Rajapolah is a district in Tasikmalaya Regency in the Province of West Java, Indonesia. The district is well known for its handicrafts. Rajapolah is one of the most important districts in Tasikmalaya Regency, both economically and culturally.

Geography 
Rajapolah is situated in the middle of the drainage basin of northwestern Tasikmalaya Regency. The district lies in a relatively low-laying ground at average height of 450 m and surrounded by Galunggung highlands to the west and Sawal highlands to the east. The land of the district is mainly a gently inclined area as it slopes down from the west towards the east exit channel of the basin of the Citanduy River.

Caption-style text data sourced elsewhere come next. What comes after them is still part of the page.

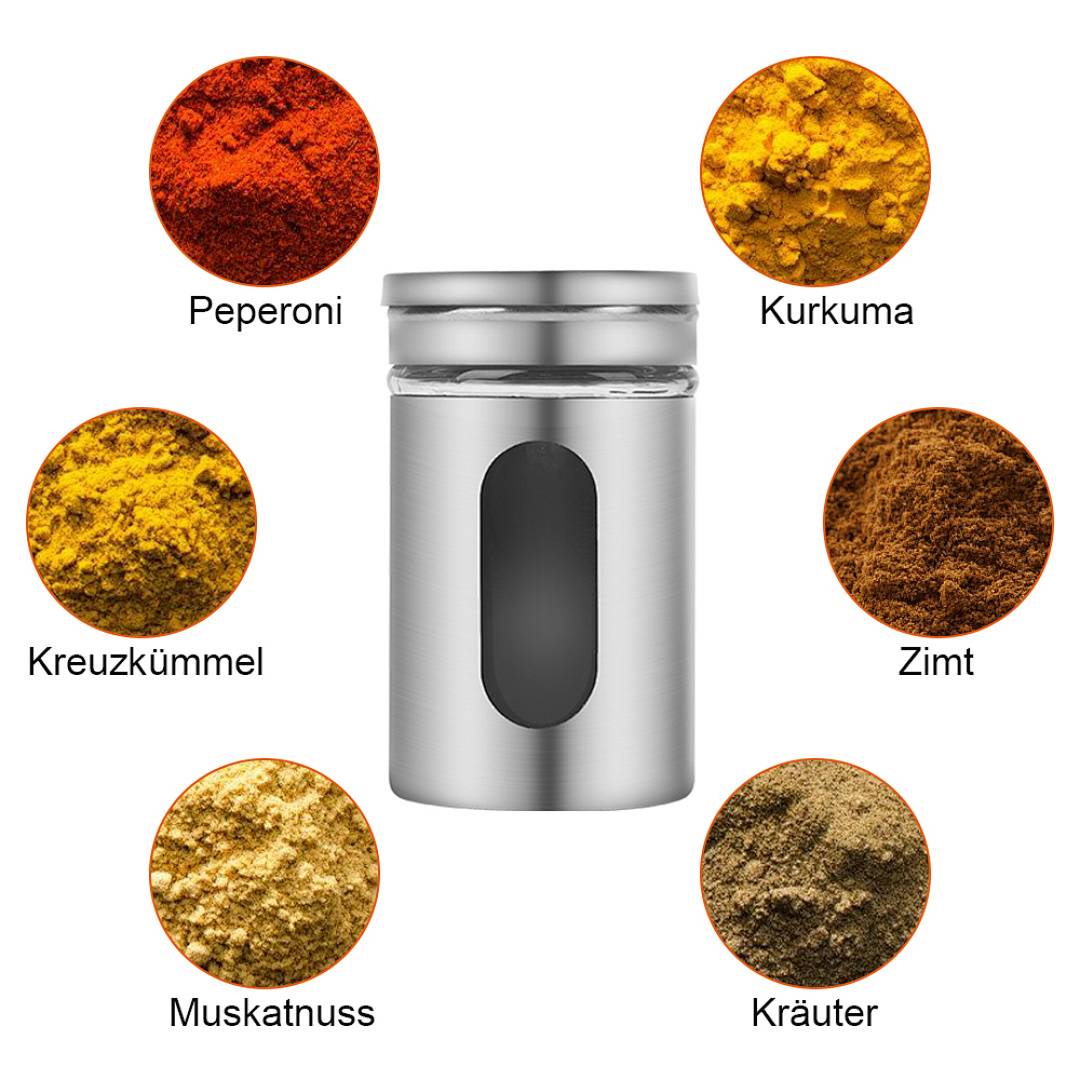 12 x Gewürzstreuer Streuer Salzstreuer Gewürzdosen Glas Box Set Gewürzstreuer Pfeffer Salz Behälter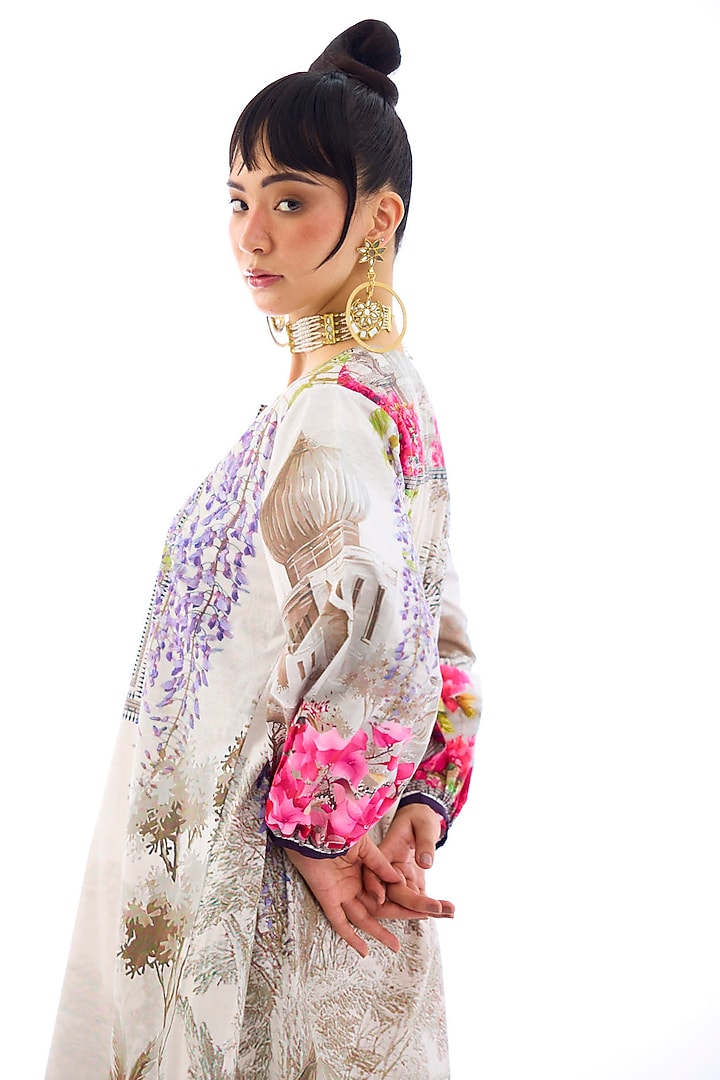 Ivory Cotton Poplin Printed Kaftan Dress by Rajdeep Ranawat at Pernia's Pop Up Shop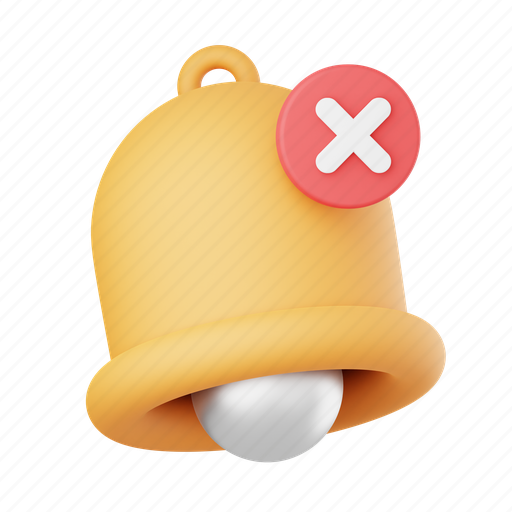 Silent, bell, ring, alert, communication, mute 3D illustration - Download on Iconfinder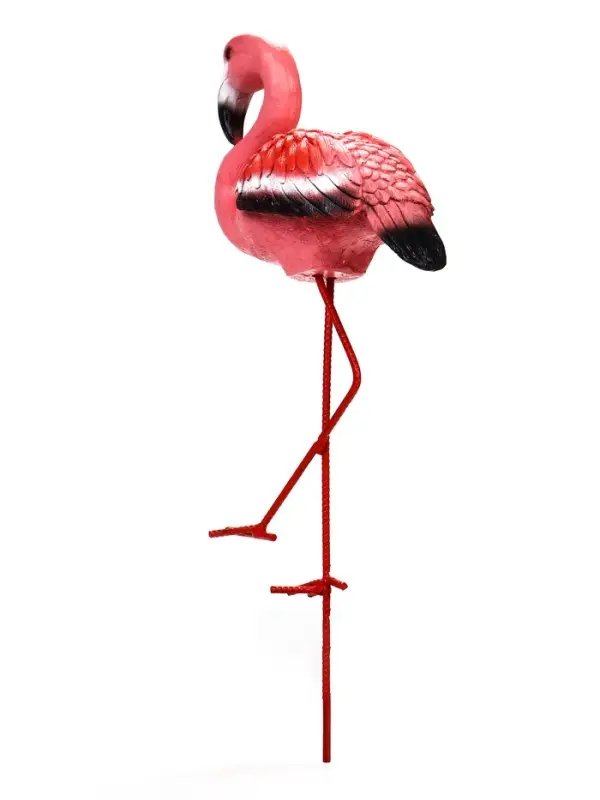 Садовая фигура из полистоуна &laquo;Розовый фламинго&raquo;, 49&times;14&times;23 см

Located 17 km northeast of Tasikmalaya Regency's capital Singaparna, the district comprises an area of 16.9204 km2, consists of 6.5917 km2 of dryland and 10.3287 km2 of wetland. It borders with Jamanis District to the north, and borders with Ciamis Regency to the east as it lined with Citanduy River. On the south, Rajapolah is bounded by Cisayong District, and on the west is bounded by Sukahening District.

Governance 
The district of Rajapolah is divided into 8 villages.
 Manggungjaya
 Tanjungpura
 Sukaraja
 Rajapolah
 Dawagung
 Manggungsari
 Rajamandala
 Sukanagalih

Culture 

Rajapolah people, estimated population of 37,558, are noted for their traditional works, the handicrafts. They produced a wide range area of crafts, from decorative items such as wall hangings, rugs, jewelry boxes, picture frames, to functional goods, like baskets, bags, mats, racks, plates, sandals, and cushions. Their products are exported worldwide, mainly to the U.S., Europe, and some of Asia regions. Most of the artisans created their works traditionally with their hands through weaving, plaiting, and coiling, and commonly using simple and traditional equipment. Their creations are mainly made from natural materials, such as wood, bamboo, reed, cane (rattan), rush, water hyacinth, sisal fibre, ash-wood splints, jute cord, absorbent paper, pandan, mendong (straw), and other natural materials.